• _The task_: From the records that follow, return exactly the lines beginning at the one that contains "1104 Princeton Hts Blvd Princeton, TX 75407" and ending at the one that contains "Notre zone d'activité", pictures left out.

#### Data for review ####

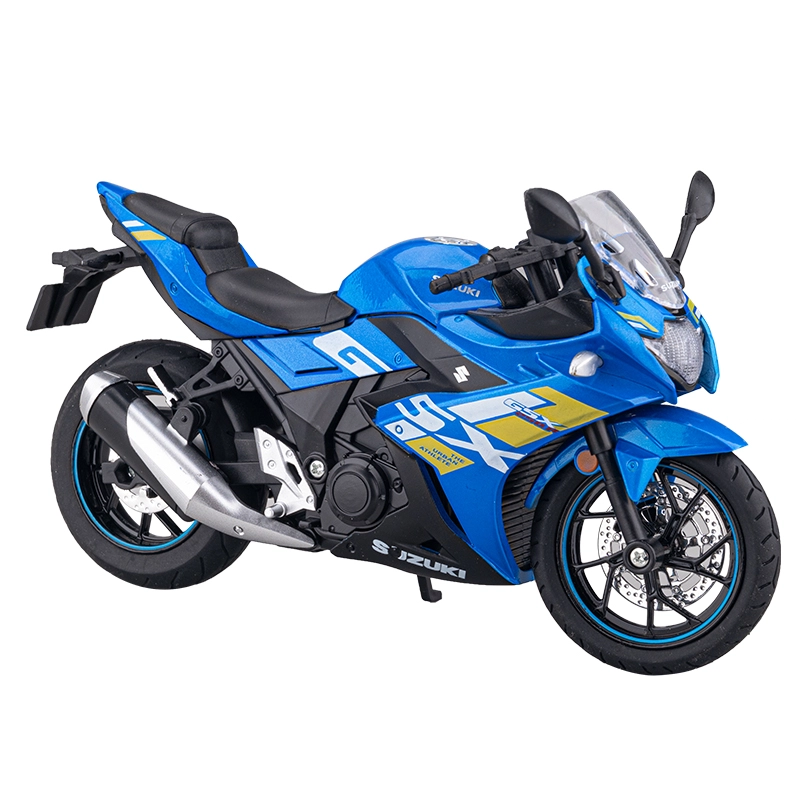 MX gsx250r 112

####
#### Data for review ####

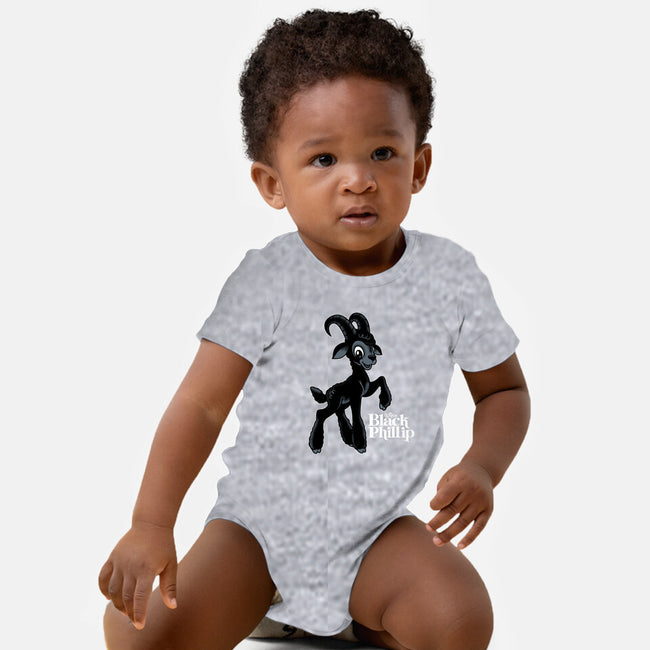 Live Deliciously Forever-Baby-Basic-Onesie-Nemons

####
#### Data for review ####

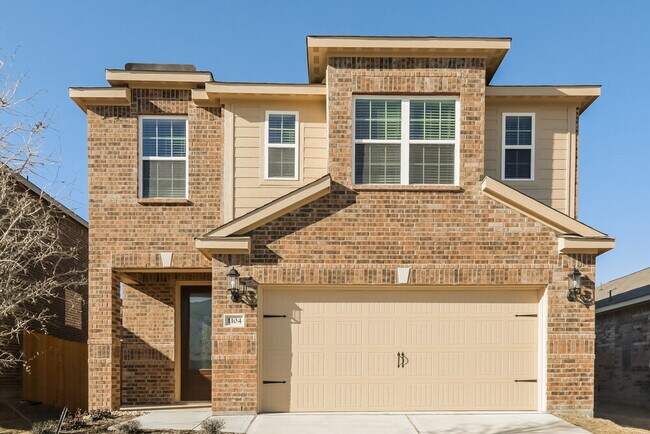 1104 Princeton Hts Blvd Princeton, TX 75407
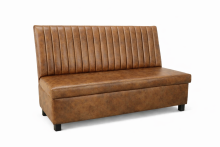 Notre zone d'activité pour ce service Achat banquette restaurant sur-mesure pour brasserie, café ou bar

####

• _Solution to this task_:
 1104 Princeton Hts Blvd Princeton, TX 75407
 Notre zone d'activité pour ce service Achat banquette restaurant sur-mesure pour brasserie, café ou bar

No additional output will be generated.